ABOUT THIS TASK: Determine how many lines in the entries below contain "яйца", and output that number alone.

BEGIN DATA PROVIDED

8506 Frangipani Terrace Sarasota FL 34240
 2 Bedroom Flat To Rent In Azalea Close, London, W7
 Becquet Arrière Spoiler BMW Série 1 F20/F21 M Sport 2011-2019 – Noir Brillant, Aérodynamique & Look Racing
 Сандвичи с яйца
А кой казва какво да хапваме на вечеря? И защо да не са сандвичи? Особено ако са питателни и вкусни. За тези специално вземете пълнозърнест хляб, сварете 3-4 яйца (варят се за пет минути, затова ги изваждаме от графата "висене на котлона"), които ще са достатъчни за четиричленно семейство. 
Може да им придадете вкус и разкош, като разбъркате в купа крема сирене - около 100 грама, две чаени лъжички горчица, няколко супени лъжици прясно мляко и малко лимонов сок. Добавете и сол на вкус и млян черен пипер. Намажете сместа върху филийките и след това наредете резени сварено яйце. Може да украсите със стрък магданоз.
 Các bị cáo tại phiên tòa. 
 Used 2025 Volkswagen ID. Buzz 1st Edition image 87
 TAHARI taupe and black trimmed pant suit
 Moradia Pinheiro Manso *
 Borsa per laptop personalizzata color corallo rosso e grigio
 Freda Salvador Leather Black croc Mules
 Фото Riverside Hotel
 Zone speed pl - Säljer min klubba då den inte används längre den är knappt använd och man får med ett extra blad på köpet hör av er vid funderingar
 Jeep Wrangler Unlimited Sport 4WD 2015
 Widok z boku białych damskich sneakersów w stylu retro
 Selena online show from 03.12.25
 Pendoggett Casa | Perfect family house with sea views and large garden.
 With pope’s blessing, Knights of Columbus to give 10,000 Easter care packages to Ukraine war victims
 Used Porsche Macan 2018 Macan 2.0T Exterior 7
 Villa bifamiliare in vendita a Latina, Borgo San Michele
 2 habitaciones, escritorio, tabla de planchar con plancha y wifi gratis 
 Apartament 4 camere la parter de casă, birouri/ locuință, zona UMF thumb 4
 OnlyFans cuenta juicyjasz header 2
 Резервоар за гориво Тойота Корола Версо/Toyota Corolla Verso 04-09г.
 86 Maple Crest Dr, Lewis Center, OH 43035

END DATA PROVIDED

RESULT OF THIS TASK: 2